Many of the students agreed that Viterbi provides a supportive environment to its female students, and believe that this is one of the reasons why the male-to-female ratio of students in Viterbi is higher than the national average.
“I believe that Viterbi is attracting more women into engineering because it has a diverse and engaging program that encourages women to take the lead in an engineering career,” said Leilani Rebolledo, a sophomore majoring in mechanical engineering.
Viterbi offers a variety of programs catered to female engineers. One is the Society of Women Engineers, an organization with a main focus of creating a community of female engineers. The group hosts many networking events for its members.
The Women in Engineering office also provides female students with opportunities for community outreach and a place where they can receive leadership development and professional support.
Many of the students also said that aside from Viterbi having multiple programs, the feedback they received outside of the school has been rather positive.
Moreno said when she would tell her family and friends that she was going to study engineering, they were encouraging.
As for Smith, she agreed that she never received negative feedback and people were usually encouraging. Smith has engaged in a variety of international studies, and she said she has noticed that other countries are changing their perspectives in regard to women in engineering as well. During her semester studying abroad in Cape Town, South Africa, Smith noticed that in her engineering classes, there were far fewer women. She mentored high school girls who seemed very enthusiastic about studying engineering.
“There is a lot of development going on in Cape Town, and many of the young women are eager to get involved in the engineering aspect,” Smith said.
Smith also spent a summer in China working in a research lab and she was surprised by the number of female engineers.
“I thought it would be the same, but there were many women engineers,” Smith said.
Despite the changing industry, students are still aware of some of the prejudice that comes along with being female engineers.

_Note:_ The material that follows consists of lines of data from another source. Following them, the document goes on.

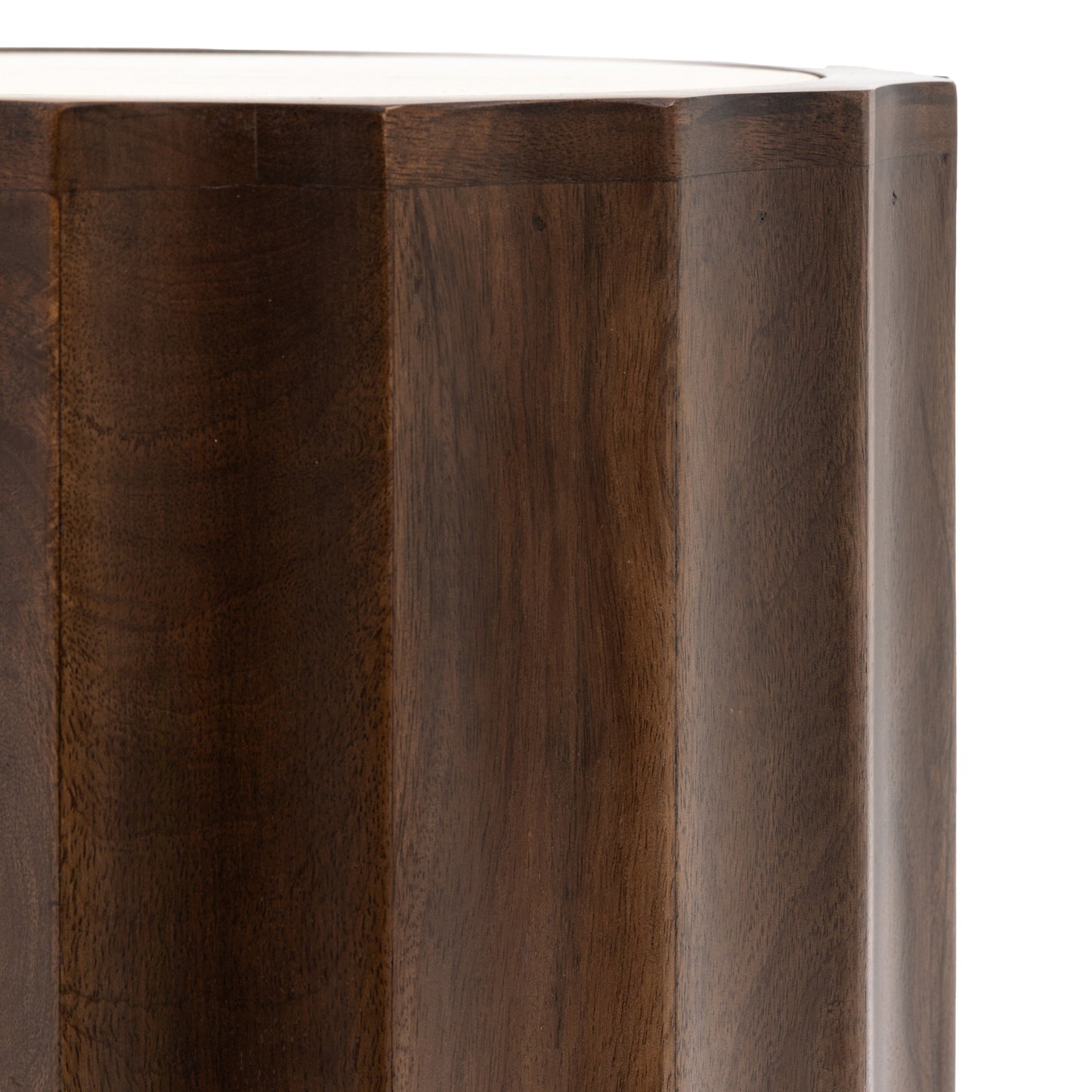 Cascia Side Table Dark Wood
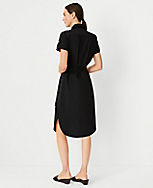 Tab Sleeve Belted Patch Pocket Shift Dress carousel Product Image 2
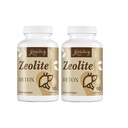 Zeolite Detox Capsules, Organic Active Charcoal, Bentonite Clay, 1-2 μm klinoptiloliitti, Maksimi-imeytyminen, Gut Liver Detox Cleanse Full Body for Women, 180 kapselia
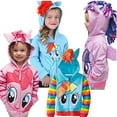 thumbnail image 5 of Kid Girls Little Pony Rainbow Dash Hoodies Baby Girls Sweatshirts Coat, 5 of 5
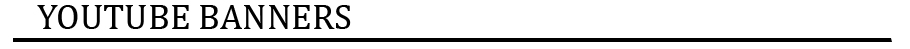 Youtube banners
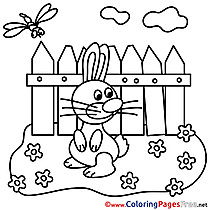 Garden Colouring Page Easter free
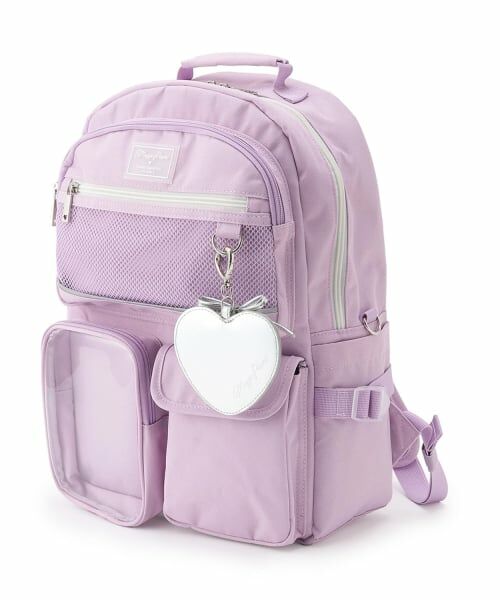 mezzo piano junior / メゾピアノジュニア リュック・バックパック | 【撥水】チャームつきクリアポケットリュック　20L（パープル）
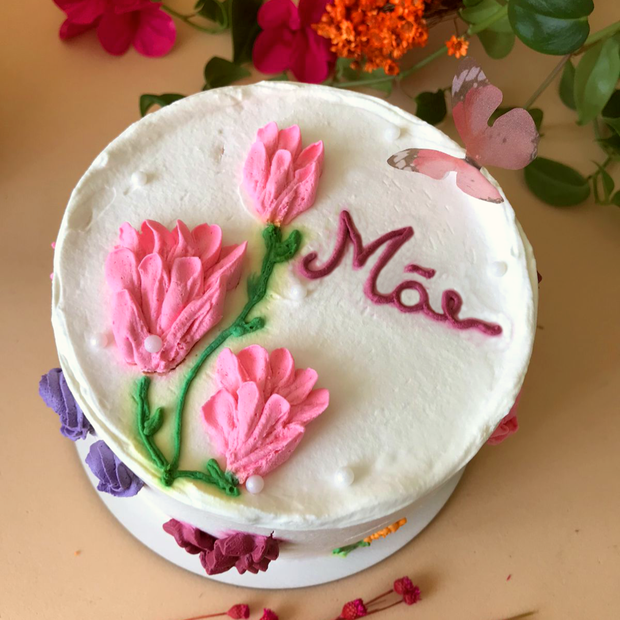 COMO Desenhar BENTÔ CAKE COM FLOR - DIA DAS MÃES 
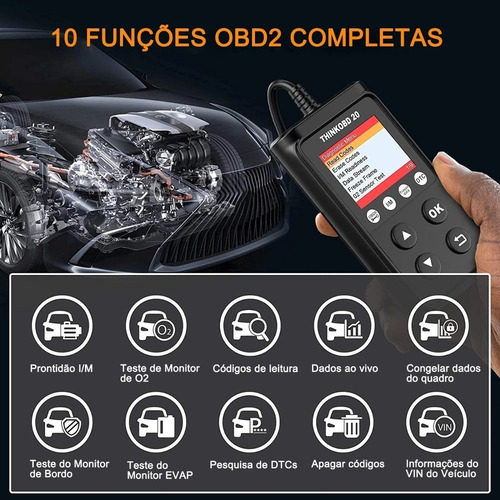 . Escáner Automotriz Lazhu Thinkcar Thinkobd20 Obd2 Reade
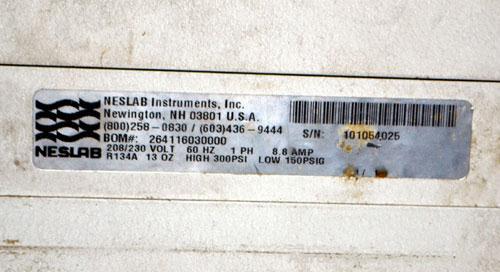 Used Neslab Merlin Series Air Cooled Recirculating Chiller, Model M75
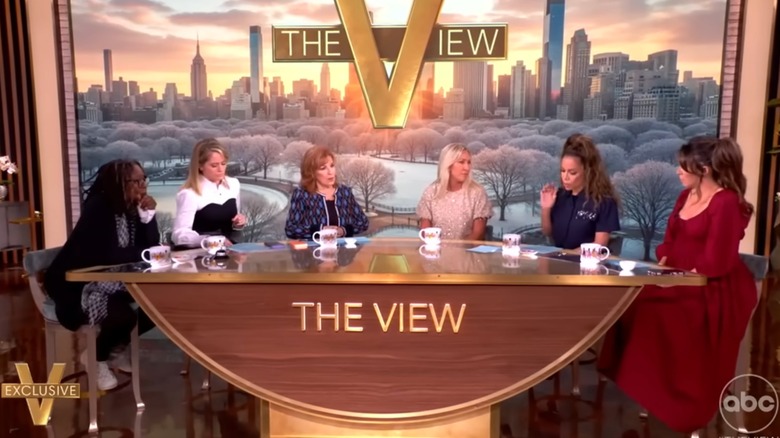 Marjorie taylor Greene during her January 2026 appearance on "The View"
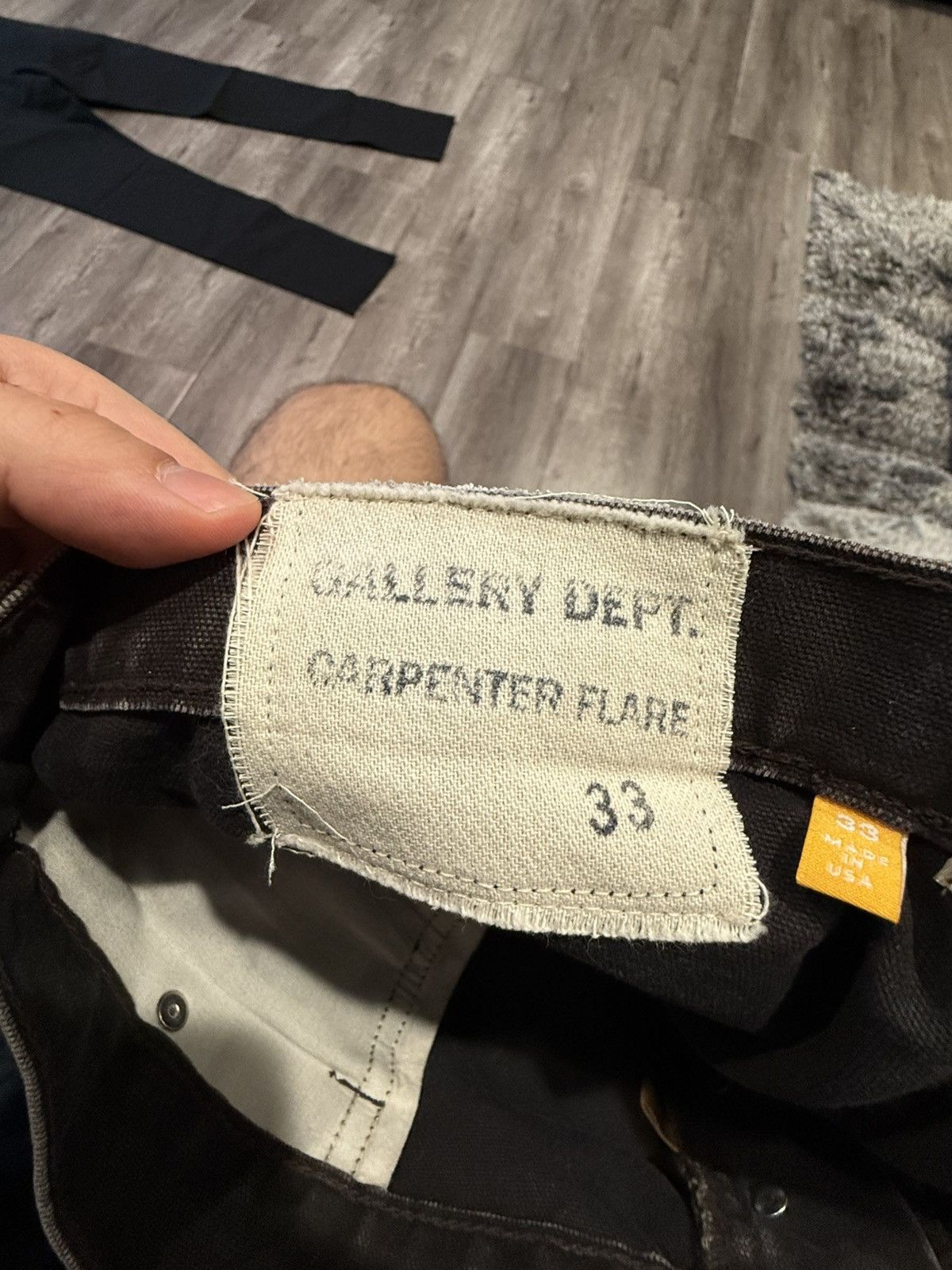 Gallery Dept. Gallery Dept Carpenter Flare Denim Pants Size US 33 - 8 Thumbnail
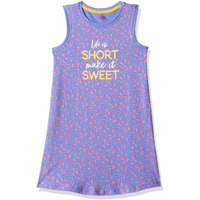 Amazon Brand - Jam & Honey Girls 100% Cotton Printed Knee Length Sleeveless Dress | Age 2-12 Years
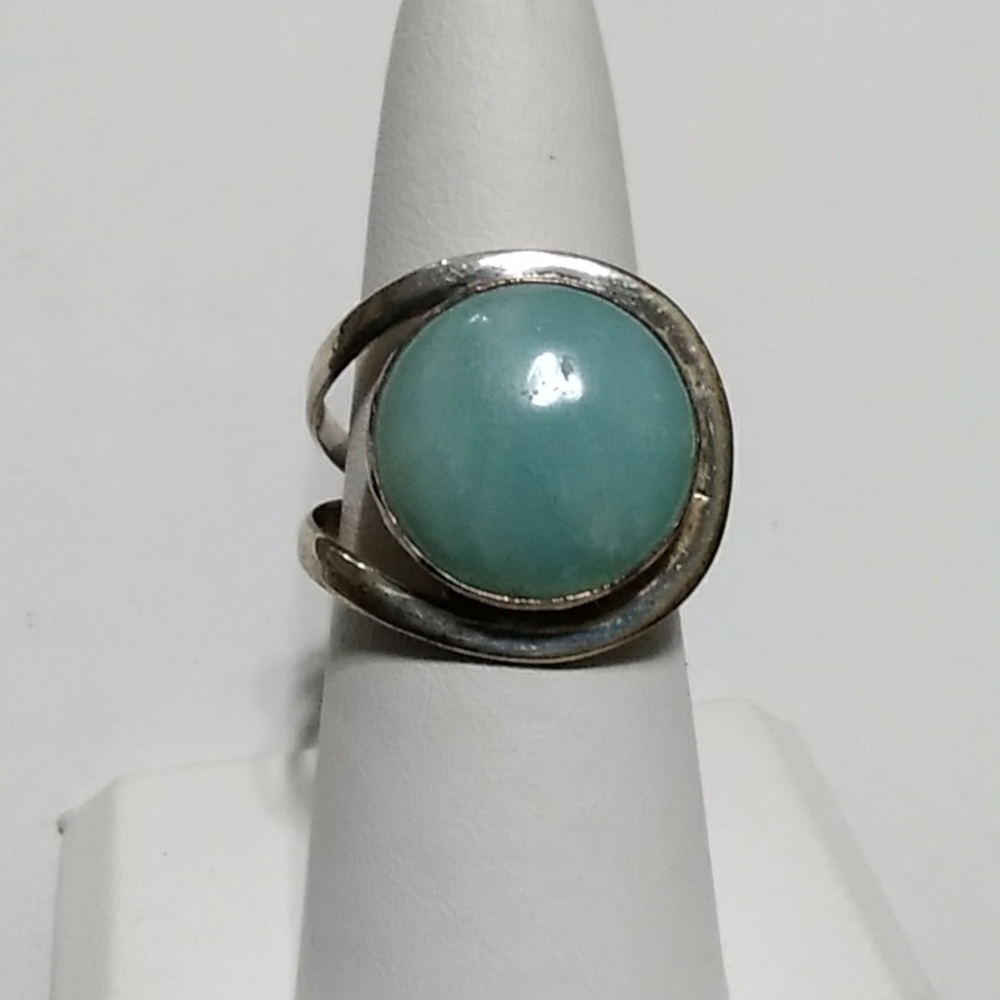 Amazonite Ring - image 1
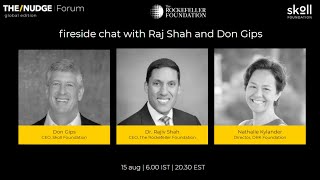 In conversation with Raj Shah The Rockefeller Foundation India  and Don Gips Skoll Foundation [upl. by Rozina501]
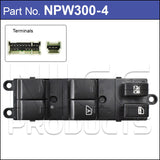 Power Window Switch NPW300-4 - Nice Products | Universal Auto Spares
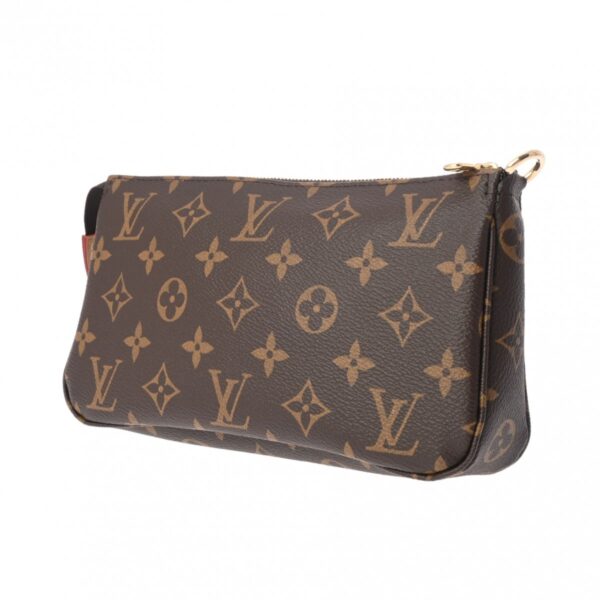 ik 00 0621378 3 Louis Vuitton Pochette Accessory Pouch Monogram Canvas Brown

Alexia Gutiérrez, a junior majoring in environmental engineering, recalled the time when she was applying for an interview and they tried to discourage her.
“They were surprised that I was a girl, and they started telling me that in construction sites it was very aggressive, suggesting that it would be a difficult environment for a woman to work in,” Gutiérrez said.
Still, Viterbi’s female engineers viewed their role as somewhat of a challenge. Karishma Nagar, a senior majoring in industrial and systems engineering, has faced similar difficulties, but is glad to take on the challenge.
“Eventually if you demonstrate a sound understanding of problems and come up with innovative ways to resolve them, you gain credibility and are taken just as seriously as your male counterparts,” Nagar said. “I don’t consider the prejudice as an obstacle. Rather, [it’s] a challenge to take on.”